You do not want this. Making the UI of your application identical on all the different platforms will be very annoying to your users, because the platforms simply have different design philosophies.
It's like language translation. You can't simply translate a great work by running it through an automatic online translator. The result will be crap. You need someone who has a deep understanding of both languages to translate it into French, German, etc. It's not a trivial task; you have to simultaneously preserve the intent of the original work while adapting to the structure of the new language.

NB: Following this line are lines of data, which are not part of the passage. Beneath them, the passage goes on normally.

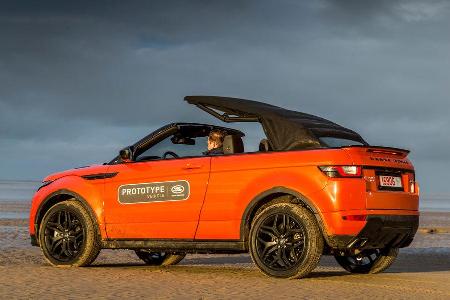 Range Rover Evoque Cabrio, Impression, Ausfahrt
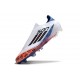 Adidas F50 Elite Sans Lacets FG Blanc Noir Rouge Vif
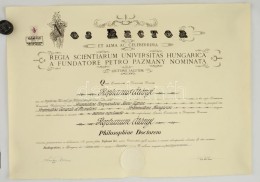 1942 Filozófiai Doktori Diploma. SzekfÅ± Gyula Aláírásával - Non Classés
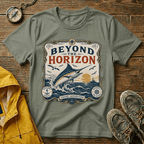 Beyond the Horizon T-Shirt — Vintage Nautical Marlin Graphic Tee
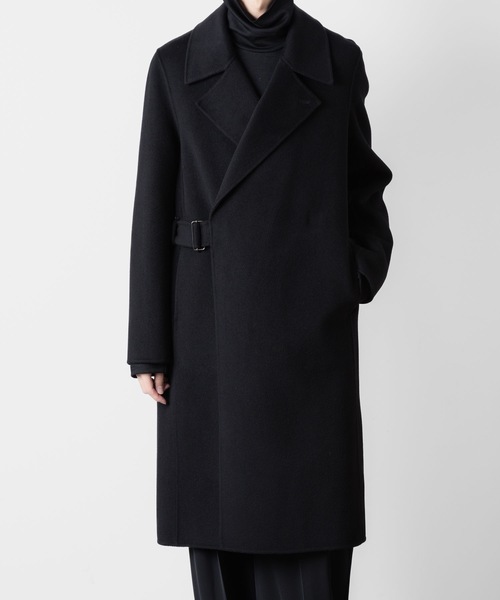 ウール/カシミヤ ダブルフェイス ビーバー ベルテッド ダブル ブレステッド コート/ W/CA DOUBLE FACE BEAVER BELTED DOUBLE BREASTED COAT（トレンチコート）｜ATTACHMENT（アタッチメント）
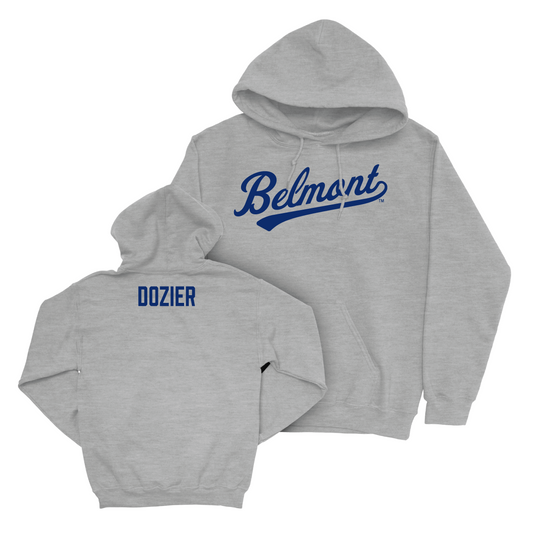 Belmont Track and Field Sport Grey Script Hoodie Small / Tezz Dozier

It's very obvious when somebody has taken, say, an iPhone application, and ported it straight to Android without stopping to see how Android apps are designed. The effect is even more pronounced on Windows Phone 7. There, the design philosophy is to have the interface cover a wide horizontal area; you slide the viewport horizontally to view the different parts:

Whereas the iPhone is much more oriented around lists, and "drilling down" into them:

If you design your WP7 application like an iPhone application, it'll feel weird. Users will find it more cumbersome and less enjoyable, and it will feel out of place on their WP7 phones.
Now, if UX is not the client's #1 priority, then it doesn't really matter and there's nothing you can do. But if it is, they'd be wise to reconsider.
If you must budget, then I would design for the iPhone first, as this is the platform with the strictest interface guidelines, and its users care the most about this consistency. Then focus on Android. I wouldn't even bother building Blackberry or WP7 apps unless you have considerable demand for them -- it's likely not worth it.